China’s financial services sector will be almost entirely open to foreign players in the next five years, China’s deputy finance minister Zhu Guangyao said on Friday.

The new rules, unveiled at a government briefing on Friday, will give global financial companies unprecedented access to the world’s second-largest economy. Today’s announcement follows statements by Chinese authorities on Thursday that restrictions in the country’s banking and financial sector would soon be eased, as Chinese leader Xi Jinping met with US President Trump as part of Trump’s Asia visit.
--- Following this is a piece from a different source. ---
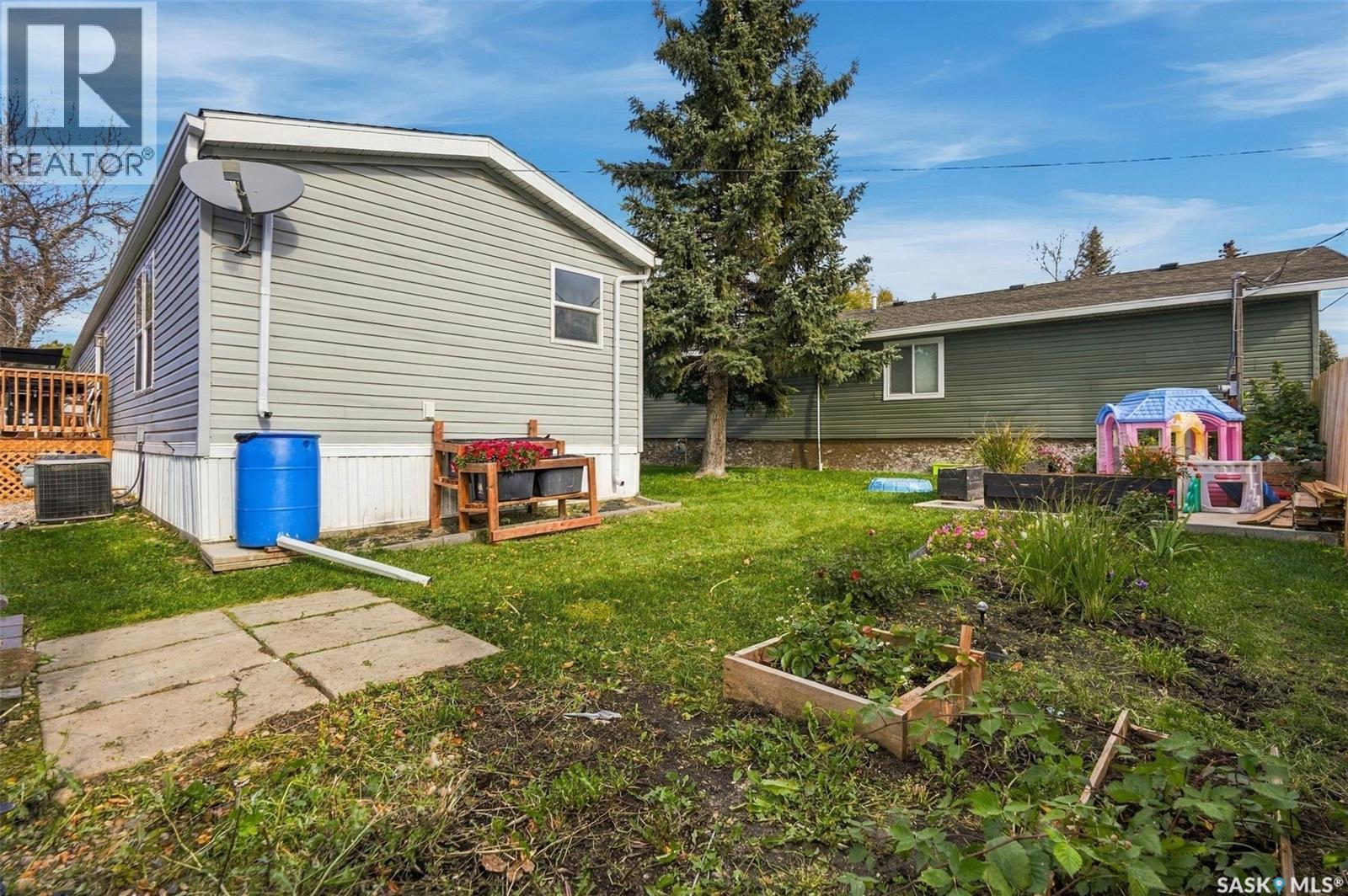 305 5th Avenue, Caronport, Saskatchewan  S0H 0S0 - Photo 29 - SK051401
It marks another step in the gradual integration of China’s economy into global markets. In June, MSCI said it planned to add 222 China A Large Cap stocks to its Emerging Markets Index starting next year, which is likely to drive capital inflows from international institutional investors.

“The significant opening up in the banking industry, which scrapped the limit in shareholding percentage formerly set at 25 per cent, is above expectation,” said Chen Shujin, chief financial analyst with Huatai Securities in Hong Kong.
Nonetheless, she said that for China’s banking system as a whole the effect would be more limited.
“All Chinese cities have allowed locally incorporated foreign banks to engage in both local and foreign currency business since 2006, but foreign banks’ market share has remained below 2 per cent in China in the past 10 years,” she said.

Prior to Friday’s announcement, other banks had been looking to expand their operations in China. Earlier this year, UBS and Morgan Stanley said they would both increase their shareholding in their Chinese joint ventures to 49 per cent, the maximum previously allowed.